Question

In a cell viability experiment, 10{,000 cells were cultured in the absence and presence of a compound \(Q\) for 24 h. The absorbance of a dye associated with cellular metabolic activity was measured at a wavelength of 570 nm at 24 h. The measured absorbances were \(0.8\) a.u. in the absence of \(Q\), and \(0.5\) a.u. in its presence.

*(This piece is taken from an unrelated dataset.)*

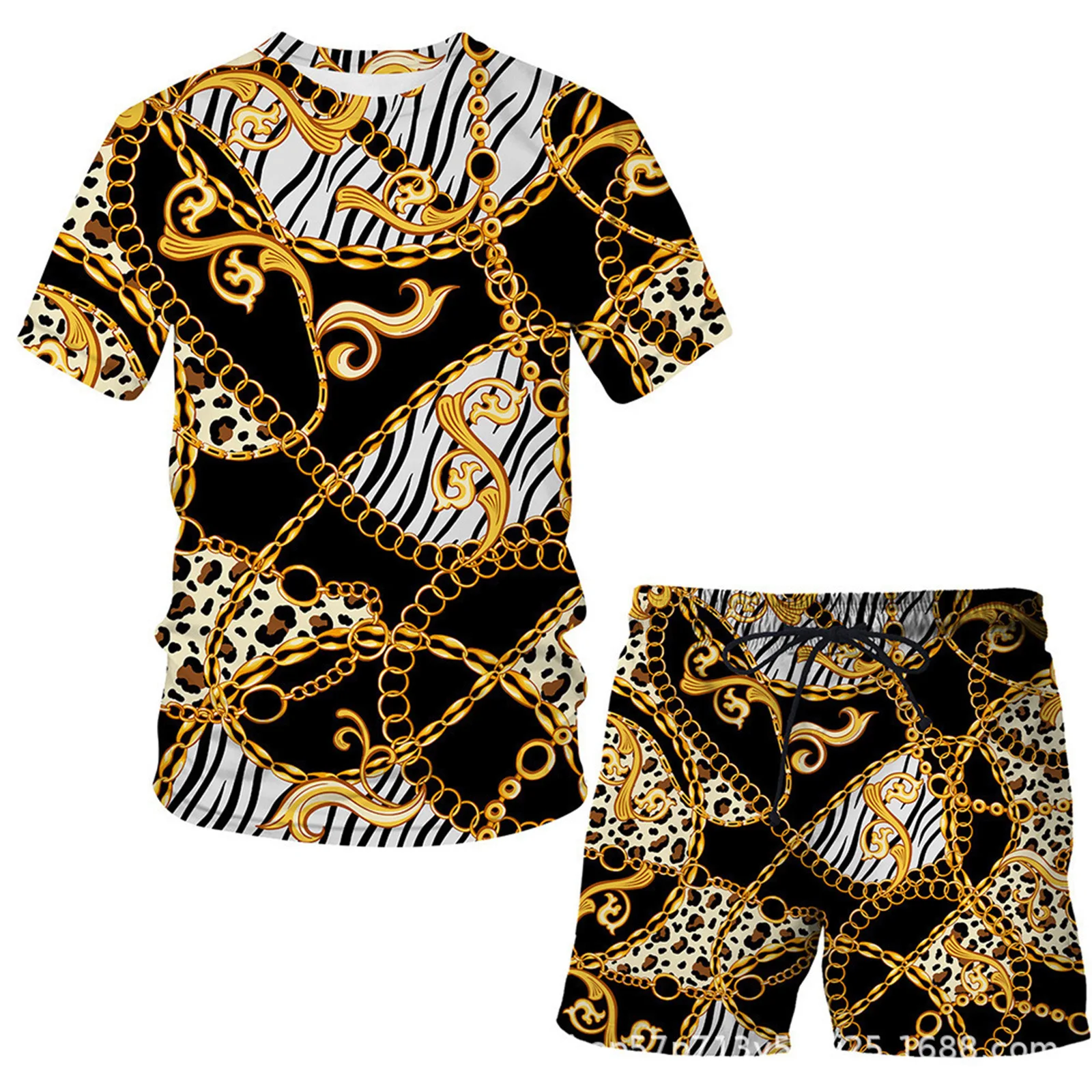 New Men's Luxury Jungle Set 3D Gold Chain/Palm Leaf/Peacock Feather Elastic Waist Streetwear Moisture-Wicking Summer Essentials
New Men's Luxury Jungle Set 3D Gold Chain/Palm Leaf/Peacock Feather Elastic Waist Streetwear Moisture-Wicking Summer Essentials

If the dye gives an absorbance (at 570 nm) of \(0.1\) a.u. in the absence of cells, what is the percentage cell growth inhibition caused by the compound \(Q\)? (Round off the answer to one decimal place.)}

Hint:

- Always correct for background/blank absorbance before computing viability. - \(%\) inhibition \(= \left(1-\dfrac{\text{treated}}{\text{control}}\right)\times 100\).

Answer 1

Correct Answer: 42

Step 1: Subtract the dye blank (0.1 a.u.) to obtain net absorbance due to cells.
Control (no \(Q\)): \(0.8-0.1=0.7\).
Treated (with \(Q\)): \(0.5-0.1=0.4\).
Step 2: Viability fraction \(=\dfrac{\text{treated}}
{\text{control}}=\dfrac{0.4}{0.7}=0.5714\).
Growth inhibition \(= (1-\text{viability})\times 100 = (1-0.5714)\times 100 = 42.86%\approx 42.9%\).